MiXCR parameters (non-barcoded data)

name parameters comments
Align -f, -g, --noMerge, -p = kaligner2, –species = hsa, -OreadsLayout = Collinear, -OvParameters.geneFeatureToAlign = VTranscript, -OallowPartialAlignments = true
Assemble -f, -OassemblingFeatures = FR1Begin:FR4Begin Since sequences are cropped by the end of CDR3, FR4 region is not present in final sequences. We selected the specified parameter value since running MiXCR with seemingly more appropriate value FR1Begin:FR4Eend results in a non-stable behavior and often produces an empty repertoire.
Export clones -f, --no-spaces, -sequence, -count, -readIds

pRESTO parameters (non-barcoded data)

name parameters comments
CollapseSeq Default parameters Although this stage can use information about primers, we do not use this information since we want to conduct primer-independent benchmarking. Although this stage can fix unspecified nucleotides (“N”s), but we do not use this feature too, since it is addressed at the preliminary alignment step.
SplitSeq Default parameters The stage uses a threshold parameter (--num=X) that is analogous in IgReC (discussed in Section 2.2 of the main text). In our experiments, this parameter is not fixed and estimation of its optimal value is a part of benchmarking.

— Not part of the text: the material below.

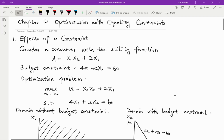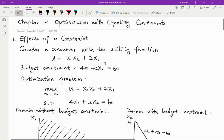Let's first look at an example of a constrained function. We have a utility function of a consumer — you should know what a utility function is from microeconomics. The utility function describes how satisfied you are based on how much of two goods, X1 and X2, you consume. When X1 increases, your utility increases, and when X2 increases, your utility also increases. So X1 and X2 are just normal goods — the more, the better.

pRESTO parameters (barcoded data)

name parameters
ClusterSets Default parameters
BuildConsensus --prcons 0.6 --maxerror 0.1 --maxgap 0.5
CollapseSeq --uf PRCONS --cf CONSCOUNT --act sum
Table A1. Benchmarking parameters of MiXCR (top) and pRESTO (middle) on non-barcoded datasets and pRESTO (bottom) on barcoded datasets. For all tools, we unified the read merging, alignment and filtering by using the IgReC preprocessing. After this preprocessing, all input libraries contain Ig-relevant reads that are cropped by the start of the corresponding V gene.